Looking back on his body of work, it’s easy to recognize Bava’s early training as a painter. His films are exquisitely staged, every scene meticulously arranged, every image shot in a way to maximize its effect. In 1961, he got to direct his first color film, the phantasmagorical supernatural sword and sandal adventure Hercules in the Haunted World. Saddled with a typically minuscule budget and tight turn-around time, Bava relied on creativity to make the movie something much more special than it would have been in the hands of another director. The familiar world of the ’60s peplum movie became a psychedelic nightmare. Hades was awash in multi-colored lighting that bathed otherwise bland cardboard and Styrofoam sets in eerie green, purple, blue, and red glows. Even though dozens of “Hercules” movies had been made by 1961, none of them were quite like Hercules in the Haunted World. It remains one of the few films in that much maligned genre to garner any critical acclaim.
Bava made several movies between Hercules in the Haunted World and Blood and Black Lace, including: the all-too-often-ignored The Whip and the Body, starring his Hercules in the Haunted World villain, venerated horror film icon Christopher Lee; Black Sabbath starring Boris Karloff; and The Girl Who Knew Too Much, which along with Blood and Black Lace is heralded as the opening salvo in what became the giallo genre. It was in 1964, however, that all the pieces fell together, though at the time not everyone was impressed by the way those pieces were assembled. Blood and Black Lace was a big leap in what a filmmaker was willing to put on screen in terms of sex and violence. Many critics were aghast. The film was decried as misanthropic, vile, and sadistic. In the United States, the film was hacked to pieces, edited, reassembled, poorly dubbed, and distributed as “just another sleazy horror film.” Since then, it has been reassessed and rightfully hailed as a groundbreaking, visually brilliant film. Simple cellars become warped nightmare worlds similar to something real but also not quite right. A room full of mannequins is just a room full of mannequins until Bava puts a bright red one in the middle of all the white wireframes.

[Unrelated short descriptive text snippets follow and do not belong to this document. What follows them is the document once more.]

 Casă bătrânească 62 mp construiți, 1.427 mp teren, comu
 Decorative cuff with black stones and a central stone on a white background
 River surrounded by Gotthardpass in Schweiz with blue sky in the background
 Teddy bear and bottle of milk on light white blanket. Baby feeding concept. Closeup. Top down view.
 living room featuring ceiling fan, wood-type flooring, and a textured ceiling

It’s not gratuitous reveling in the visual medium purely for the sake of excess. This is how the story is told, with images rather than words. His garish sets and candy-colored palette are not just window dressing. This is the language he uses to tell his story. In no shot is this more effectively conveyed than the very first, when we see the sign for the fashion house being buffeted by a windstorm, finally coming completely unhinged and revealing the house behind it, so full of equally unhinged characters. It’s exactly the kind of movie you’d expect a painter to make. Bava’s predilection toward kaleidoscopic candy coloring makes for a visual feast. Bava bathes the movie in a wash of psychedelic hues, but no color is more important to the film than red. The very opening is a shot of the strange red mannequin, so starkly different from the plain, white mannequins surrounding it. It seems to move through the story like a solitary figure from a Greek chorus, finding itself in different rooms and places, observing the self-destructive nature of the humans around it.

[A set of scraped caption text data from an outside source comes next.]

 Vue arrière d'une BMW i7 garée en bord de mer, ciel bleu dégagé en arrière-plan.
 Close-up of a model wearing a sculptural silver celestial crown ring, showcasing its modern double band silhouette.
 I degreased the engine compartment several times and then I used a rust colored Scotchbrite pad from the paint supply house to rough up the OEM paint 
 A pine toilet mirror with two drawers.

Bava had a number of thematic obsessions, and most of them show up here and would become ingraine din the very fabric of the genre. First is the unreliability of appearance. Hell, there wouldn’t even be a mystery genre if everything was as it appeared to be. Murder mysteries rely on sleight of hand. The sweaty, twitching gardener peeping on an undressing woman is rarely the killer. Bava’s unique take on this trope is to make it part of the visuals. He lights, decorates, and films his sets in a way that makes them not quite right. They seem normal at first glance, but something just a little bit off, just a little bit sinister, catches in the corner of your eye and makes you uneasy. Bava’s outlandish use of colors could be seen as a massive artistic release after decades of reprssion; first under the grueling thumb of Italian fascism and then the era of grim neorealism. One can see how a more flamboyant spirit might chafe under the bleak films that dominated the immediate post-war years. Director Pietro Francisci once remarked that his film, La Fatiche di Ercole, was a reaction to decades of “white telephone” (romantic comedies set among Italy’s elite, popular during the fascist era) and neorealist movies. Francisci just wanted to slough off the shackles and sadness and embrace spectacle, celebrate humanity “in times of greatness.” In its way, Blood and Black Lace carries on the tradition.

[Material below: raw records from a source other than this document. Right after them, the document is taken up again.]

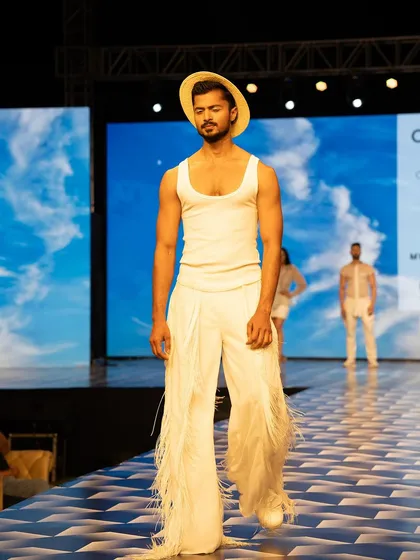 Walking the runway in a Chaitanya Rao creation featuring fringed trousers. The movement of the fringe adds a dynamic element to the walk.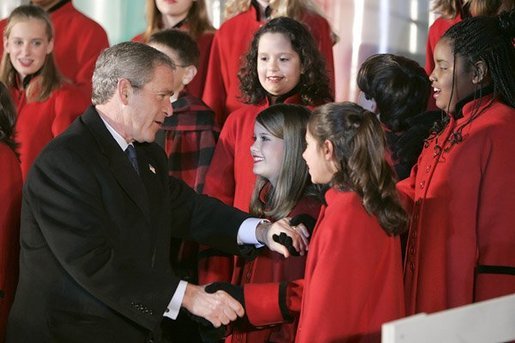 President George W. Bush greets members of the West Tennessee Youth Chorus during the National Christmas Tree lighting ceremony on the Ellipse in front of the White House Dec. 2, 2004. White House photo by Paul Morse.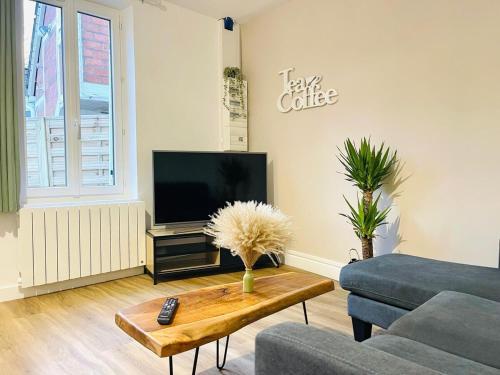 a living room with a tv and a coffee table at Chez le Padré in Olivet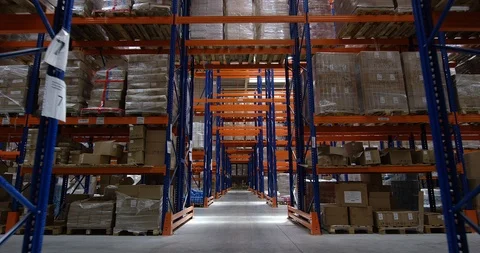 Camera moves between shelves with palettes and boxes in a big modern logistic Stock Footage 109794605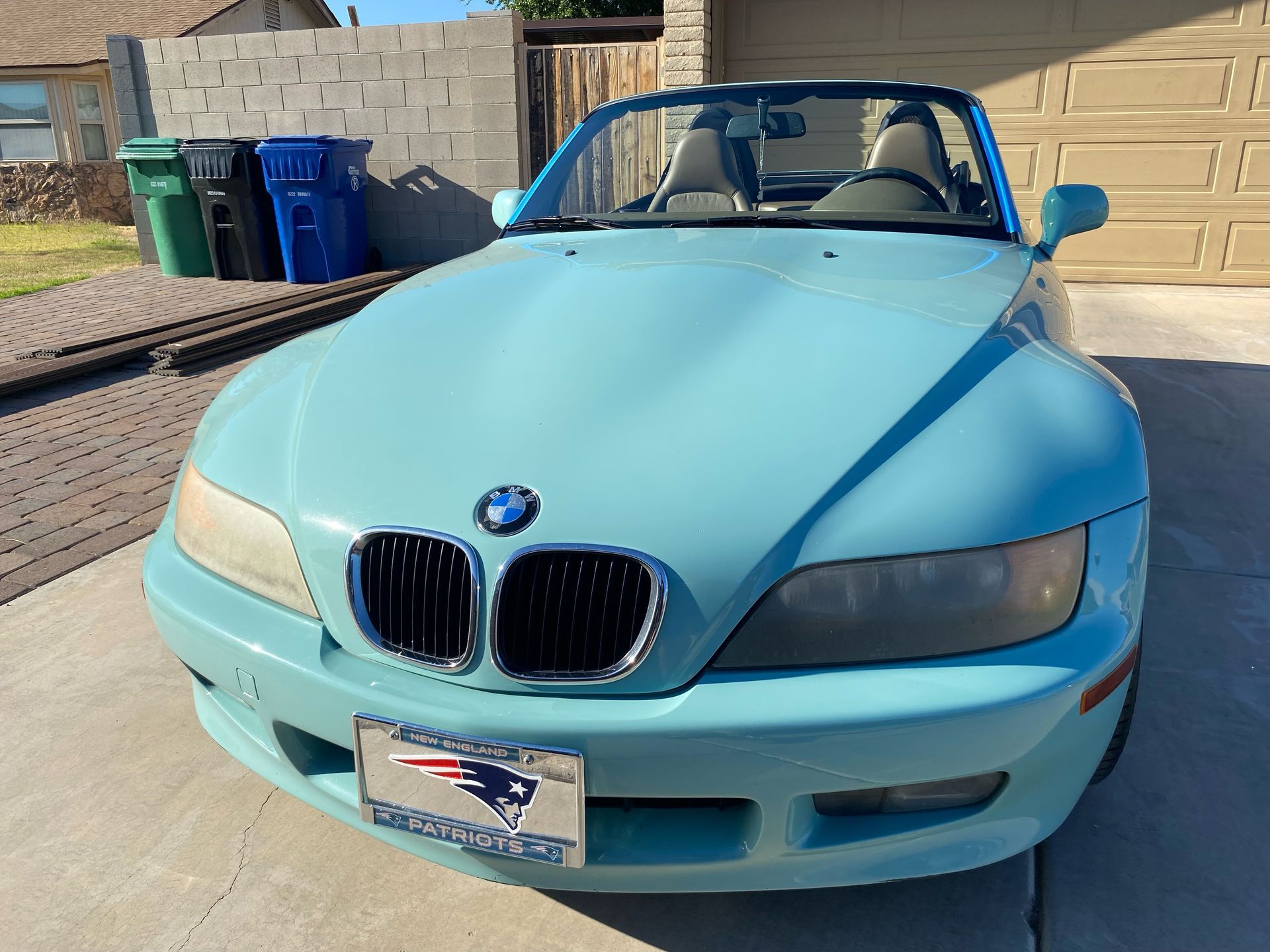 A light blue bmw z3 convertible is parked in a driveway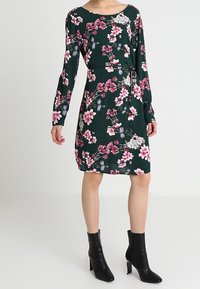 Bloemenjurk met lange mouwen, groene achtergrond, roze en witte bloemen, kniehoogte, met een zijstrikdetail. In combinatie met zwarte enkellaarsjes.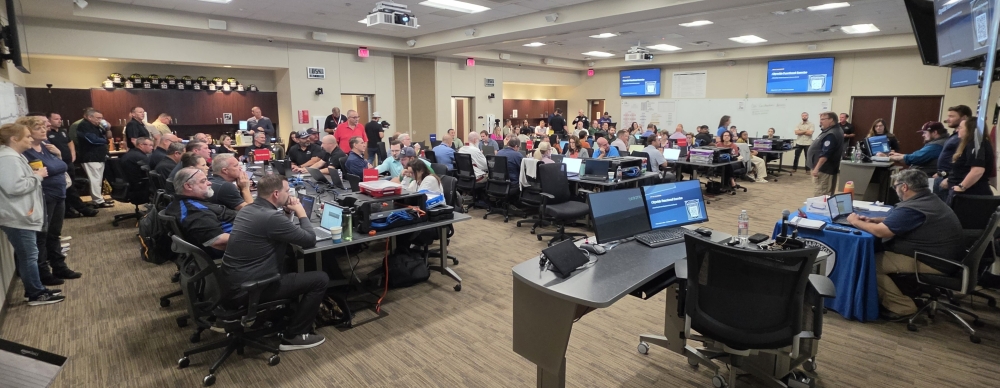 City staff sitting at tables during the annual emergency activation exercise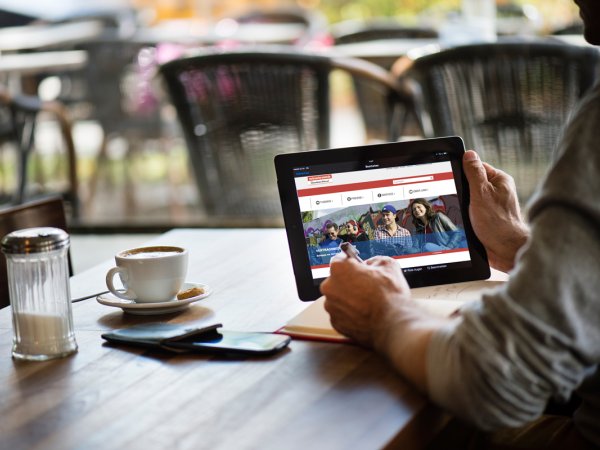 Mann betrachtet neue Webseite des vzbv auf Tablet
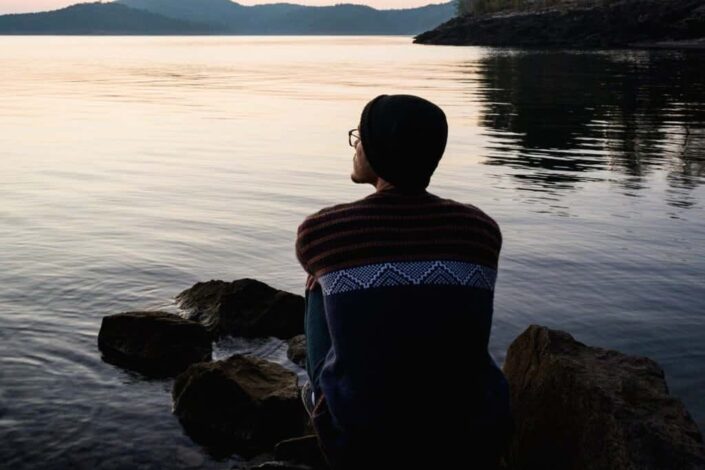 man gazing at sunrise surrounded by water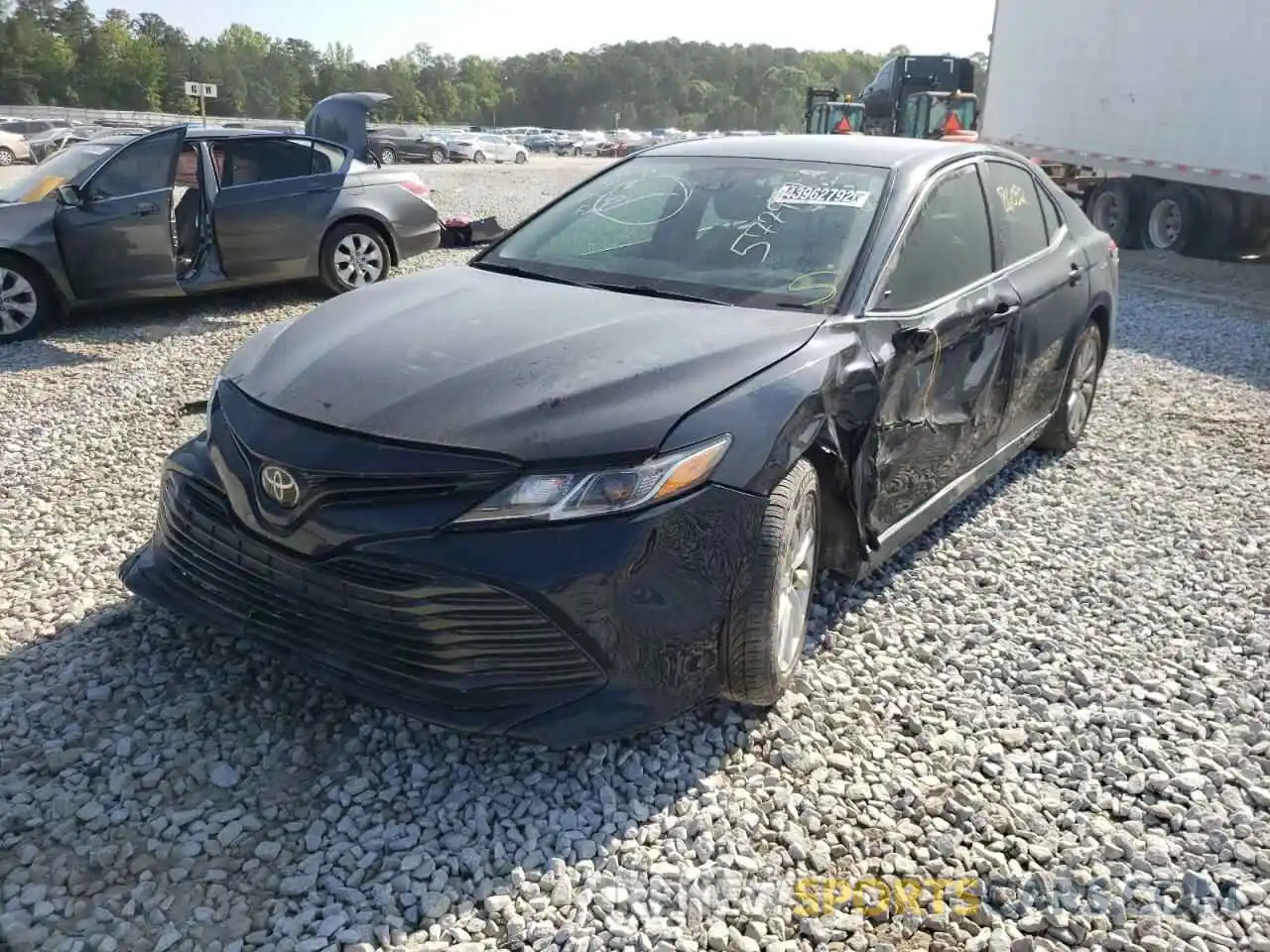 2 Photograph of a damaged car 4T1B11HKXKU246630 TOYOTA CAMRY 2019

The film also showcases Bava’s distrust of authority figures, another predilection born of growing up under an oppressive fascist regime. Captains of industry (well, captains of the fashion industry), the rich, the glamorous — Bava launches into a merciless savaging of society’s elite. Even the cops are ineffectual and unimaginative. Gone are the plucky do-gooder socialites of the Thin Man days. Absent is the amateur sleuth that was a staple of the old mystery movies and would become a staple of the giallo that followed in Bava’s wake. No one at the fashion house takes an interest in solving the murders. In fact, the murders are never “solved” on screen. When the killer is revealed, it isn’t because someone discovers the identity or follows the clues. It’s revealed simply as another part of the narrative. The reaction of these people, vacant as the mannequins that surround them, to the grisly crimes ranges from emotionless distance to panic that they will be implicated, but no one picks up the spiked gauntlet and tries to solve the case on their own.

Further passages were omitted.